Total hip arthroplasty has become one of the most common and successful orthopaedic procedures. Correct cup orientation and position are critical to successful total hip replacements. It is important that surgeons are familiar with the different definitions of anteversion and inclinations, understand their relationship and are aware of the risk factors of cup malpositioning. Placing the acetabular component into an average position is not ideal for every patient. Differences in functional pelvic position, surgical approach, and femoral anteversion affect the optimal cup position for individual patients.

External guides are inconsistent and mistaken assumptions on their accuracy can lead to poor cup placement. Preoperative templating and anatomic landmarks can help guide acetabular placement. Computer navigation and robotics have been shown to improve accuracy, but are nowadays not widely used because of the additional costs, increase in operating time, and technical problems with the current systems in use. Patient-specific anatomy, rather than a generic safe zone, coupled with the use of quantitative technology such as computer navigation, may result in better short- and long-term outcomes and might be the future of cup placement in total hip arthroplasty.

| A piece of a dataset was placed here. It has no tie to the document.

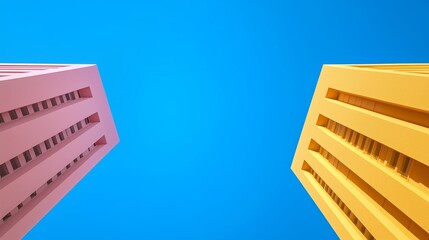 Low Poly Structures Against A Vibrant Blue Sky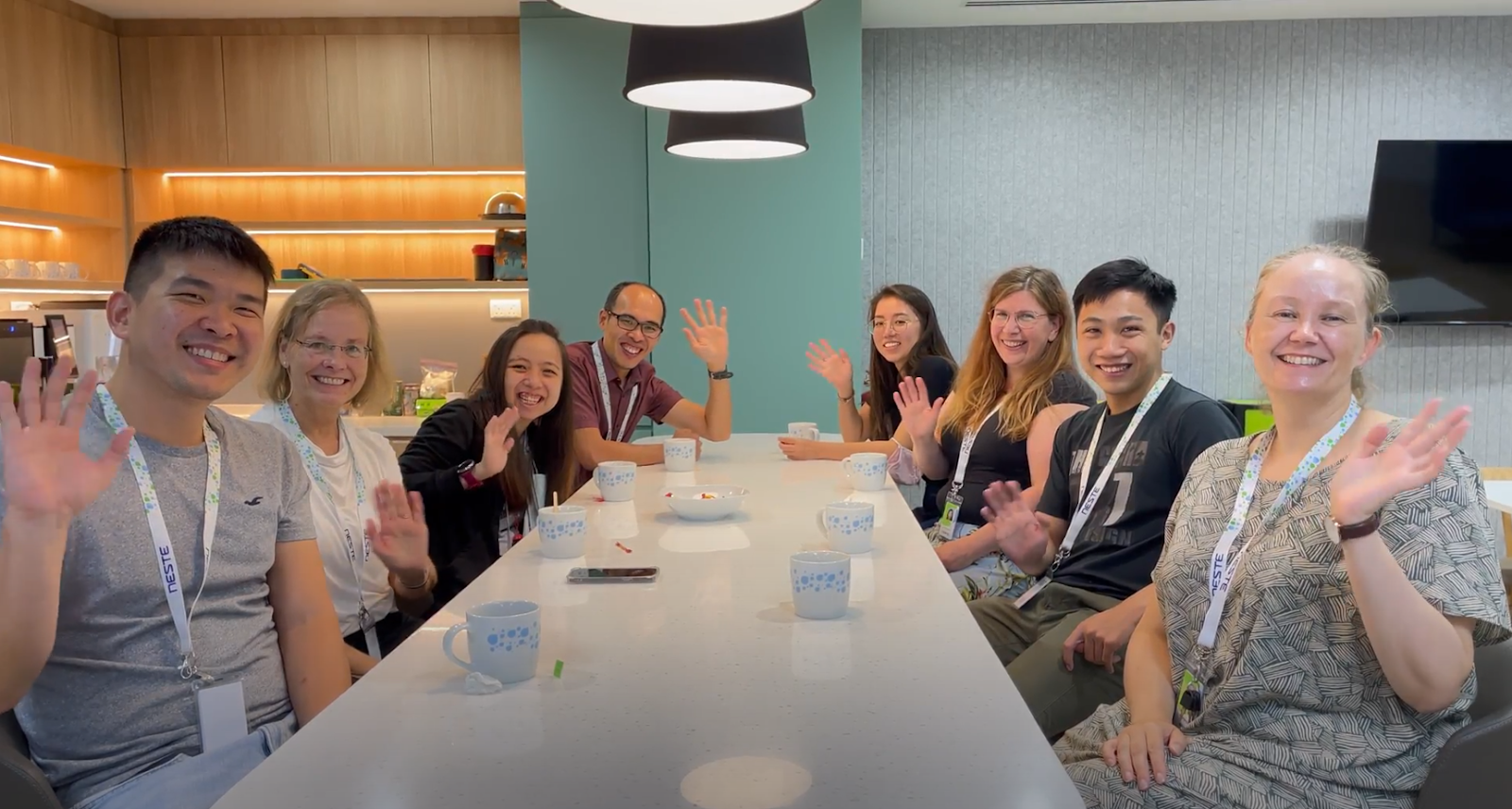 neste employees at the pantry of the apac innovatio center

ICMJE Conflict of Interest Statement

D E B reports receiving payment for lectures, travel, royalties from Depuy Synthes. G M reports receiving consultancy fees from Johnson & Johnson and institutional support from Zimmer-Biomet. Other authors have nothing to declare.

Funding Statement

The work reported here did not receive any specific grant from any funding agency in the public, commercial or not-for-profit sector.